Monday, February 16, 2009

Sleep helps to lose Weight


Sleep deprivation hinders the working of appetite-suppressing hormones, raises stress hormone levels, and reduces a person’s glucose tolerance, all of which can cause weight gain.

Another manner by which sleep loss can help put on weight is by late night cravings. Sleep and wake up at the same time everyday to enjoy deep sleep. Although extensive research needs to be undertaken to acknowledge the relation between sleep and weight, enjoying 6-8 hours of sleep every night will certainly enhance your mood. Overweight and obese adults are generally found to be shortchanging on sleep as against people having healthy body weight. Spending more calories than consumed is the simple logic behind an effective weight-loss programme. The simplest method is to consume healthy, low calorie diet and increase the amount of time spent exercising.

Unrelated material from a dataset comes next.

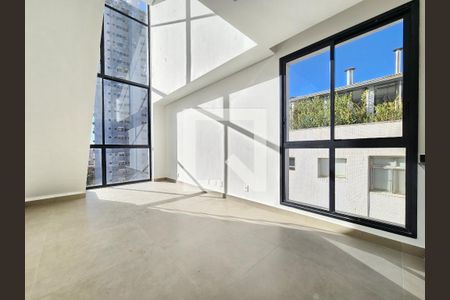 Sala de apartamento à venda com 2 quartos, 131m² em Serra, Belo Horizonte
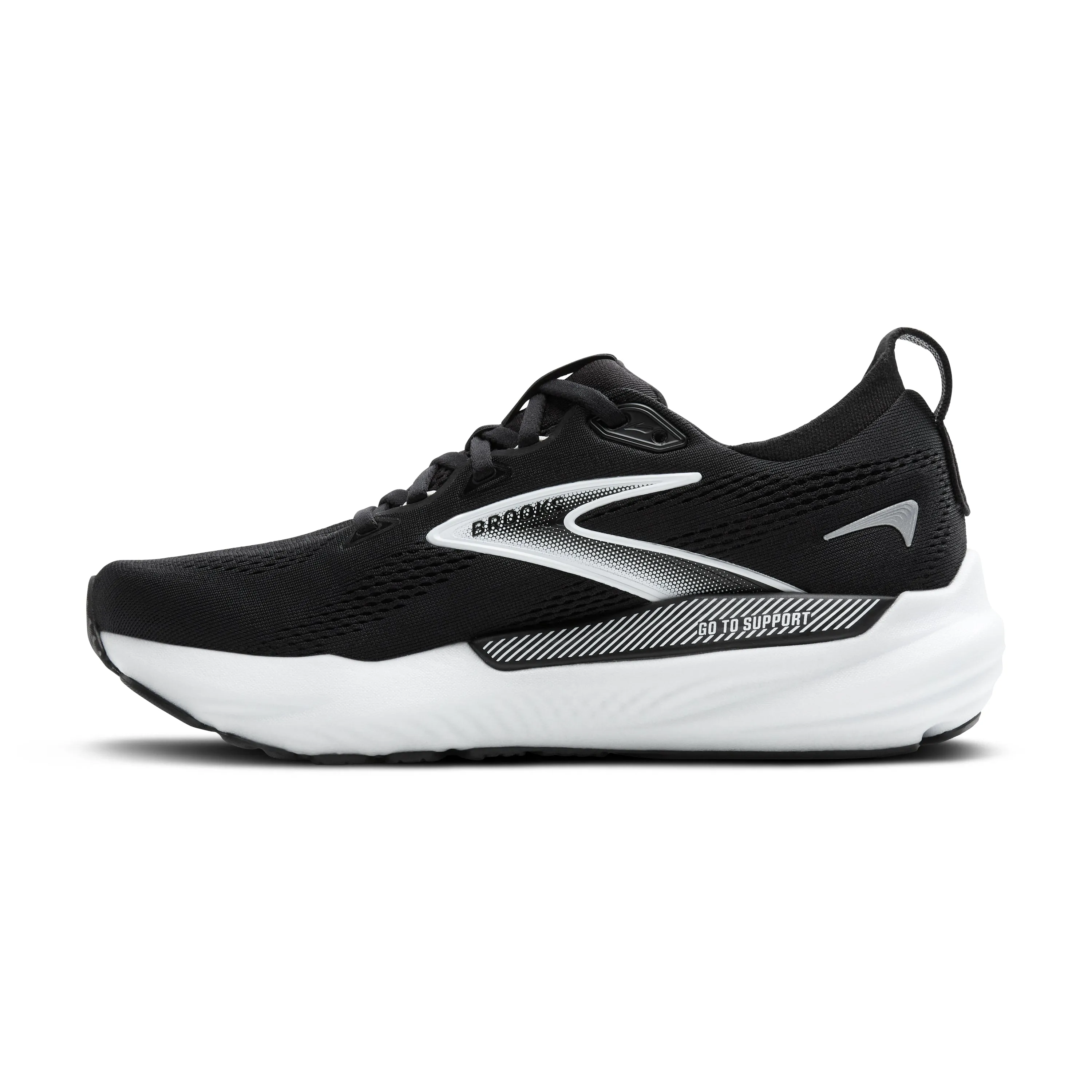 Brooks | Glycerin GTS 22 | Men's | Black/Grey/White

Other habits can either help or hinder your weight loss efforts. E.g. shortchanging on sleep affects the amounts of hormones participating in carbohydrate metabolism and appetite control in a negative manner, thus leading to weight gain. Also a fast-paced, high-stress lifestyle can make it difficult for you to look after your health and can increase the chances of selecting wrong foods and foregoing exercising. Ensure success by living a balanced lifestyle, along with leveling calorie consumption and expenditure.